Engagement Weekend Pictures

2010 was a pretty major year in my life. Early in the year, I went through some pretty big changes. One thing that didn’t change was my passion for racing and being in the great outdoors. To those ends, I’d signed up for the Frontier Adventure Challenge, which was to be held at Deerhurst Resort near Huntsville. I had no room booked, and no team. Just going solo for the fun of it. I can honestly say there is no way I could have predicted what was in store. There was volunteer at that race. Her name? Deanna. I’d met her in 2006 at another race, and we’d gotten along well every time we’d hung out at races. She, along with her uncle and father, often helped out at these events. However, in the past, I’d obviously never made any passes or hit on her, just joked, talked, and got along. This time however, I thought I’d perhaps be a little more forward with her. We were both single, so why not? What’s the harm?

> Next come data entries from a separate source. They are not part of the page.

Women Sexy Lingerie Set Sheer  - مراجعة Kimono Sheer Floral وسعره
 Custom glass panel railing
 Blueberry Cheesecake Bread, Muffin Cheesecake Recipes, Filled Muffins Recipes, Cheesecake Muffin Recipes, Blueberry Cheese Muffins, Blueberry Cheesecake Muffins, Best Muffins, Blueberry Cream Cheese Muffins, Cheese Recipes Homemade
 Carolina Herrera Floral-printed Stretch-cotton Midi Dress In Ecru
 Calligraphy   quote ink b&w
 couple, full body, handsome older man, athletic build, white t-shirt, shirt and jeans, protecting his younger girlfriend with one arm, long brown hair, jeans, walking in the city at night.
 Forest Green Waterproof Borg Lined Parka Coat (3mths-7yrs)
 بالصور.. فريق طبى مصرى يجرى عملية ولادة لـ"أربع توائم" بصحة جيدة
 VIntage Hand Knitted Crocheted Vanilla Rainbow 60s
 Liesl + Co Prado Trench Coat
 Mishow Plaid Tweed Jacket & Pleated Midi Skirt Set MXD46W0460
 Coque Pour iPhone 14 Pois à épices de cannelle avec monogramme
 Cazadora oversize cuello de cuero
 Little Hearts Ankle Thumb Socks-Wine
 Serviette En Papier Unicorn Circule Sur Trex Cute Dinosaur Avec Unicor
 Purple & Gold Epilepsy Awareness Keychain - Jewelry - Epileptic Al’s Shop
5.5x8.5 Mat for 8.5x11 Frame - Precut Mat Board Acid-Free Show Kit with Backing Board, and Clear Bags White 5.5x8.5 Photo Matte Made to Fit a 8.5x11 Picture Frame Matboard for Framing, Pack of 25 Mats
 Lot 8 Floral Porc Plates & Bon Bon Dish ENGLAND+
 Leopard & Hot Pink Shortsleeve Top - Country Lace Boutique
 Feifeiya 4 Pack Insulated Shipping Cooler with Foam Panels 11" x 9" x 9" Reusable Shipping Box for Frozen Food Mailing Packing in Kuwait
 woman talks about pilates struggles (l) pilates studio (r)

That night, after the awards, we both attended the same post-race party and flirted with each other and went for a nice evening stroll that stretched late into the night. Having nowhere to sleep, I walked Deanna back to her room, then promptly returned to my car for an uncomfortable, yet happy sleep in the passenger seat with all my stinky gear (all this alluded to in the original blog post from that race).

The next day, we spoke a little bit, and then I had to leave. I had just moved into my new house, and was still setting things up. Deanna was also helping out at the high-school race that day, so she was busy. However, some spark had started the previous night, and I was rather intrigued. So, on the way home, while stopped at Dixie Lee in Barry’s Bay, I tentatively texted her my email address and other info. I also innocently asked if she might like to visit me for a weekend (she lived in Toronto). To my surprise, she said yes the next day. Later I learned that her process was basically that she couldn’t find a good enough reason to say no, hence saying yes!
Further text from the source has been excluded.